Some 266km from Kuala Lumpur, in the state of Perak, further up north from Ipoh, lies a small sleepy town called Taiping. It’s not exactly a tourist destination, but it’s certainly worth a visit, as goes with many other sleepy towns here in Malaysia. I ventured to this one as part of my recent sudden passion-for-local-travel outburst, which I described in this post. When you have spent years living in Kuala Lumpur and travelling mainly abroad, short local trips may be incredibly eye-opening as you realise how many great spots lie under your nose. To me this awakening felt as if I had just arrived and the adventure was starting all over again.

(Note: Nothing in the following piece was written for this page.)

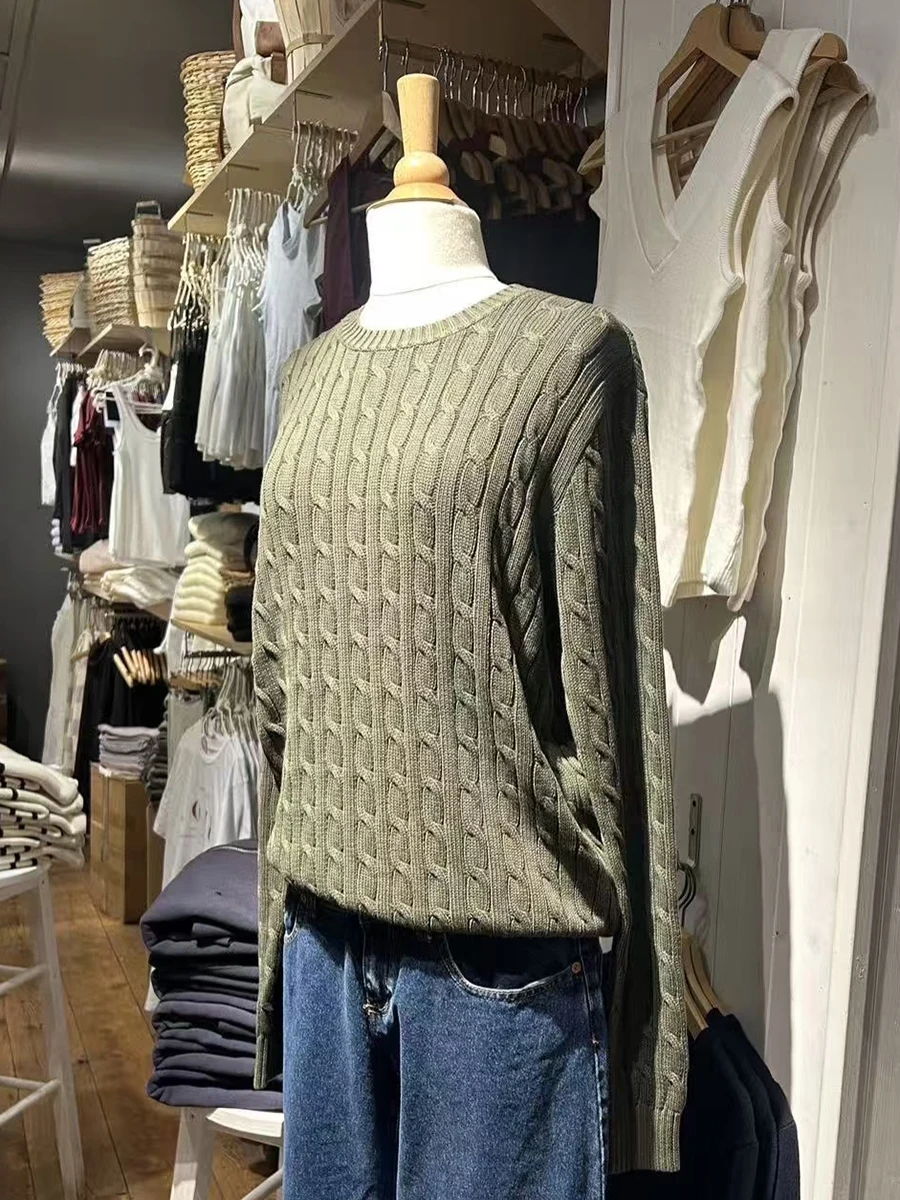 

Зеленый свитер с витым цветком, женский весенний хлопковый повседневный пуловер с круглым вырезом и длинными рукавами, новый винтажный однотонный джемпер в консервативном стиле, топы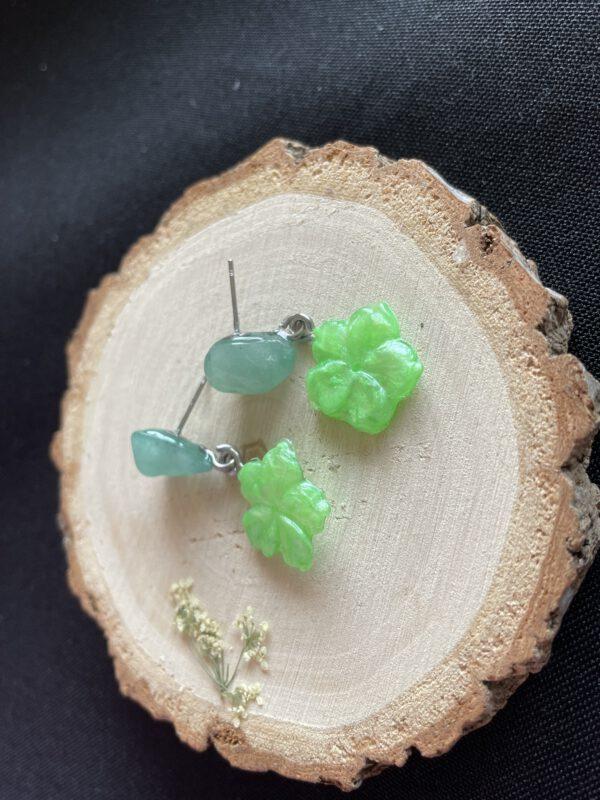 Roestvrijstalen Oorbellen met Aventurijn en Glow in the Dark Lotus Bloemen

Certainly not a bad feeling to experience…
Discovering the efficacy of the ETS train link was definitely one of the best things that could have happened post the covid-19 craziness. (though I am typing this during a second partial lockdown, so perhaps I am just lying to myself about the situation being over) It’s fast, spotlessly clean, comfortable and always on time – a quality one must hugely appreciate in this country. Basically, I spent my August weekends on this train and it was fantastic! Discovering some Malaysia gems has never been easier. What’s more, it often brings you right into the town centres or just a short walk away from them.

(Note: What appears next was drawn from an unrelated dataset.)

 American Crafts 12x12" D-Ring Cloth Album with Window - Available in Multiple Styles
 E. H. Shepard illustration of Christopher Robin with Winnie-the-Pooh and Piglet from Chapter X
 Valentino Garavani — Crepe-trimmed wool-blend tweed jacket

Yes, ETS is almost perfect, except for the cold. Malaysians still haven’t quite grasped the reality of being a tropical country and are incredibly obsessed with air-conditioning, desperately trying to simulate a harsher climate. Everyone claims that cinemas are the worst, but they haven’t been on an ETS train yet, because frankly, folks, this was the coldest I had ever, I mean EVER experienced here. Just wear those extra layers, especially for longer rides. Ticket to Taiping will cost you MYR113 return.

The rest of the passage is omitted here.